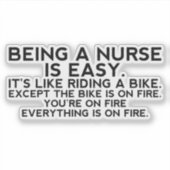 Krankenschwester zu sein ist einfach, Krankenschwe Aufkleber (Vorderseite)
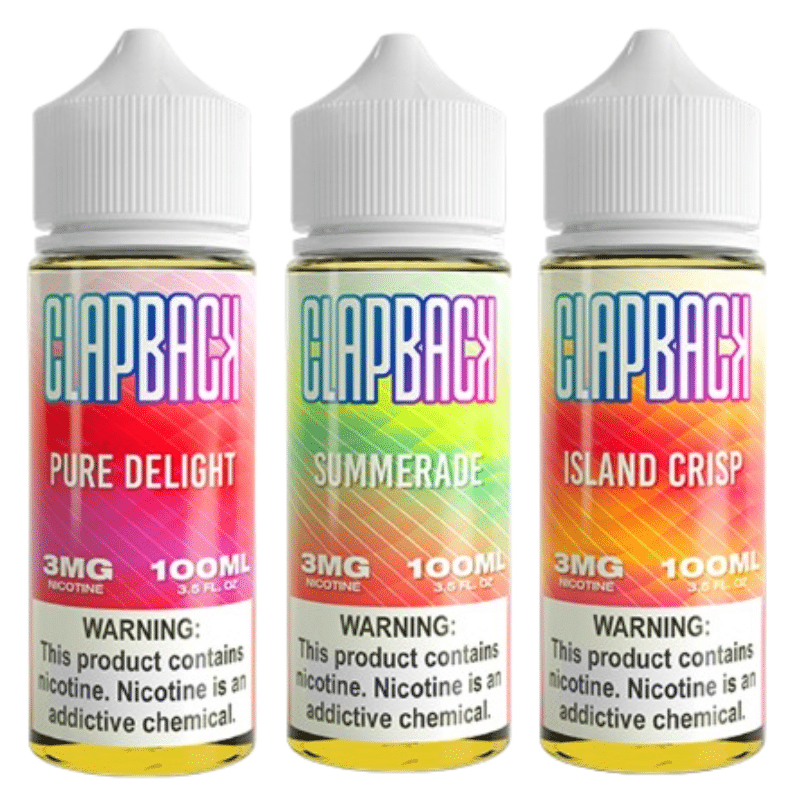 Clapback E-Liquid 100ML (MSRP $24.99) 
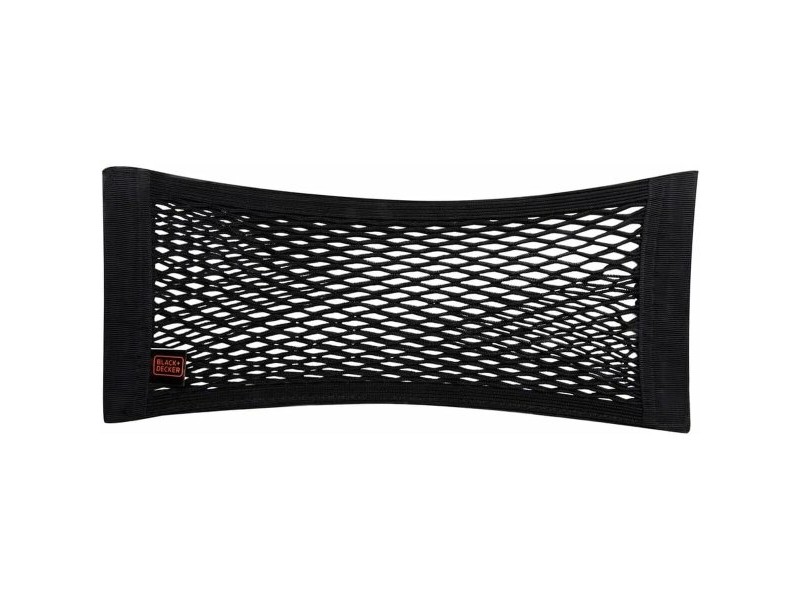 Мрежа за съхранение за автомобил Black & Decker Черен 40/50/60/80 x 25 cm 4 Части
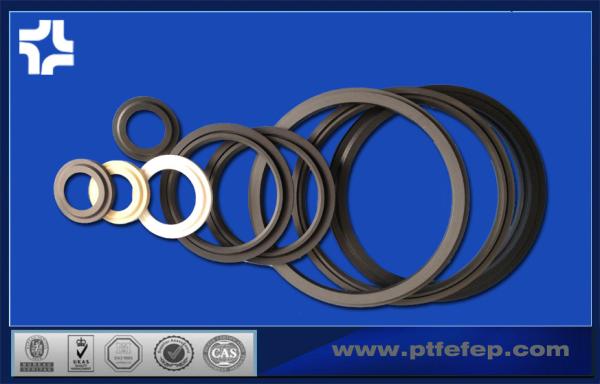 White Ptfe Machining High Precision , Plastic Seal Gaskets Customized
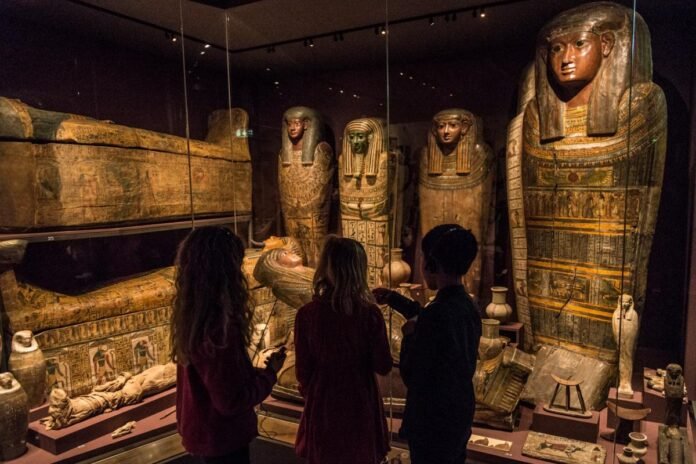 Photo from the exhibitions at the Mediterranean Museum in Stockholm. (c) Medelhavsmuseet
■ ■ ■
TASK DETAILS: Pictures do not go in the copy; print every entry exactly as it stands.

ANSWER:
 Krankenschwester zu sein ist einfach, Krankenschwe Aufkleber (Vorderseite)
 Clapback E-Liquid 100ML (MSRP $24.99) 
 Мрежа за съхранение за автомобил Black & Decker Черен 40/50/60/80 x 25 cm 4 Части
 White Ptfe Machining High Precision , Plastic Seal Gaskets Customized
 Photo from the exhibitions at the Mediterranean Museum in Stockholm. (c) Medelhavsmuseet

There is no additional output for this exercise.